I don't understand people who don't know how to cook. Can you read? Have you ever watched a cooking show? Do you have the internet?
It really isn't hard. To cook good it isn't hard either. Butter, garlic, salt, sugar, onion, cheese. If it doesn't taste good yet, you probably didn't add enough of one of the above. There is your first lesson. We'll get into the second lesson (which involves healthier ways to cook since 3 out of my 5 options are not at all healthy) later.
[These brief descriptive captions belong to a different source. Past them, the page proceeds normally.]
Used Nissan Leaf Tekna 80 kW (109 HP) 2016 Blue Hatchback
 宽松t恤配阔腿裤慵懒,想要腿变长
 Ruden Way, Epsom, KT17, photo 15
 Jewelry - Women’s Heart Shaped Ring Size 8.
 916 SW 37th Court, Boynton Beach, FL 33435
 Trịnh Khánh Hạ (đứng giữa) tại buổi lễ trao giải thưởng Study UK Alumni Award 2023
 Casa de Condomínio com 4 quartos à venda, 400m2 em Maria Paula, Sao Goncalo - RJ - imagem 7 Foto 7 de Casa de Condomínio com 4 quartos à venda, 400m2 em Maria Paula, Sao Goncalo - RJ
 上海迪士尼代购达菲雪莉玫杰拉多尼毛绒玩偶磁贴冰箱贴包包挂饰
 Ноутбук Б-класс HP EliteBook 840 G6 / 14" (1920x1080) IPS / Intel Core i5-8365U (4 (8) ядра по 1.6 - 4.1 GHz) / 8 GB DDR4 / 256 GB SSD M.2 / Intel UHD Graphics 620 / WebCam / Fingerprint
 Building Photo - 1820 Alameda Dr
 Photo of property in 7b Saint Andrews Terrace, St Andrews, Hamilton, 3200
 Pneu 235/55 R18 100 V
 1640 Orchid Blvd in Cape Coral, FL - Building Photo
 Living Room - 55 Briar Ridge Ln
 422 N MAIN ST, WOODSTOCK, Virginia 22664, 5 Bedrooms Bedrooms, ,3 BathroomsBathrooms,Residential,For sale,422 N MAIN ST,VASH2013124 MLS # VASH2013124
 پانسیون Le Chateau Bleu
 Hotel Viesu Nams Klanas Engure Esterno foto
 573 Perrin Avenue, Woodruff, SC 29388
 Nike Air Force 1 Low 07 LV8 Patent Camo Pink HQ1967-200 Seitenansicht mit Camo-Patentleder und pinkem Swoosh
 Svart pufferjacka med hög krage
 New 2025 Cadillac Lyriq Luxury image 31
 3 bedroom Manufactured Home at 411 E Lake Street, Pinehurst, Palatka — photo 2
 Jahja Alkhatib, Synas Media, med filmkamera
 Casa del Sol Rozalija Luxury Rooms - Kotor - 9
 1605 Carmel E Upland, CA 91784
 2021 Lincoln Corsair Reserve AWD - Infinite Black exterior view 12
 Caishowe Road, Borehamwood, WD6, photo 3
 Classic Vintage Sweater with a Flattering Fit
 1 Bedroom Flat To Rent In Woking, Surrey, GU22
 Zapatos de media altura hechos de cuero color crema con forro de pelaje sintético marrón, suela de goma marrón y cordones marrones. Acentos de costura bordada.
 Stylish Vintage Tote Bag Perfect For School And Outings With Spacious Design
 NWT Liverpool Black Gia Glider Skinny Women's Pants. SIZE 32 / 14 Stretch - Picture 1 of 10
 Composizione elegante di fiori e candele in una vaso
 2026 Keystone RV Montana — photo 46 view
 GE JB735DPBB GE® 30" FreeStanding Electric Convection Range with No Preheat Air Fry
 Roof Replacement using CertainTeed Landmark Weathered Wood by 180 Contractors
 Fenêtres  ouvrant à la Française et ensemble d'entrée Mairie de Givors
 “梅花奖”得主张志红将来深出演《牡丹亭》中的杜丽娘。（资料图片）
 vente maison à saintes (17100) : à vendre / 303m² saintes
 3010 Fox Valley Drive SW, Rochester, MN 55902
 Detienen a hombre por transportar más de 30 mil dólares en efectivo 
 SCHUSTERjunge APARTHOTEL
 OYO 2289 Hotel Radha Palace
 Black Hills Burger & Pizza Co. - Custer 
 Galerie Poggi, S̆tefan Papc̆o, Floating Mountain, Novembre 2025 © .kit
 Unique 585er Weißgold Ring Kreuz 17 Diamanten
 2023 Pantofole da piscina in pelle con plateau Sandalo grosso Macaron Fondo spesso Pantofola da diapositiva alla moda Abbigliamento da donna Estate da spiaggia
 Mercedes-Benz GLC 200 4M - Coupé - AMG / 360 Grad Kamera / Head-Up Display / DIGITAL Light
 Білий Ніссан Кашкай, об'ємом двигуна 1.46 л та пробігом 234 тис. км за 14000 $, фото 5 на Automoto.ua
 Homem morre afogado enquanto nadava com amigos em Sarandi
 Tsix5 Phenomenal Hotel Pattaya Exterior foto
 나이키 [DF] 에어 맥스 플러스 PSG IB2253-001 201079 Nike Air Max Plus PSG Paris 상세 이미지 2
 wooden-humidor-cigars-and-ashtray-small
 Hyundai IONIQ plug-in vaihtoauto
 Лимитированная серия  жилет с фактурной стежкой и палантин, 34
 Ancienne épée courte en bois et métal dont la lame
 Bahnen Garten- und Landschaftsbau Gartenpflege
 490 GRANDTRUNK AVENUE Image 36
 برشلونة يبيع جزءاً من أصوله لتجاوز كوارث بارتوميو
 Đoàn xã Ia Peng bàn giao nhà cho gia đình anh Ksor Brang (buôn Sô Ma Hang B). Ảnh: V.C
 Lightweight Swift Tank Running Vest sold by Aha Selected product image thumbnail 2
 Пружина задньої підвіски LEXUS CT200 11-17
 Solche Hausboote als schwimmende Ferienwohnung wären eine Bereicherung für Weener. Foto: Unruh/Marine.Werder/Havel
I'll answer this one. I can't cook. Actually, I can, but barely. It involved buying a meat thermometer and a chart telling you at what temperature meat is done at. I can't tell by looking at it unless I wait until it's well overcooked. Same thing happens with cookies...I always wait until I see a little brown at the edges and very top of the center, and by then it's too late. But I can't judge it sooner than that. Also, I always have to look up what temperature to cook different kinds of meat at. Having never closely watched anyone boil, fry, brown, or anything to vegetables, it takes a decent amount of googling to learn how to even cook up just a medley of veggies on the stove. Which ones need to cook longer? Which just a little bit? How can I tell when they're done? When the directions say "until brown/translucent/thick/thin/a sizzle/moderate boil/beginning to blank" I struggle. I google what it's supposed to look like, which of course leads to picture-perfect and usually not that helpful pictures. I read instructions in cookbooks, and at least 80% of the time there's at least one line of instructions that I wish had better clarification. Slow cooker recipes help because I just have to throw in ingredients and let the magic happen, and it's very difficult to overcook the food. A new dish I learned this year was Chicken Noodle Soup. I didn't know chicken boiled through so quickly before this. I always assumed it took hours. Now I know it takes 30 minutes. But the directions have to be "throw in the noodles. 3 minutes later add the chicken and cook for 5 minutes" not "noodles, and when appropriate/time left/at the end/a bit later add the chicken". That throws me for a tail spin.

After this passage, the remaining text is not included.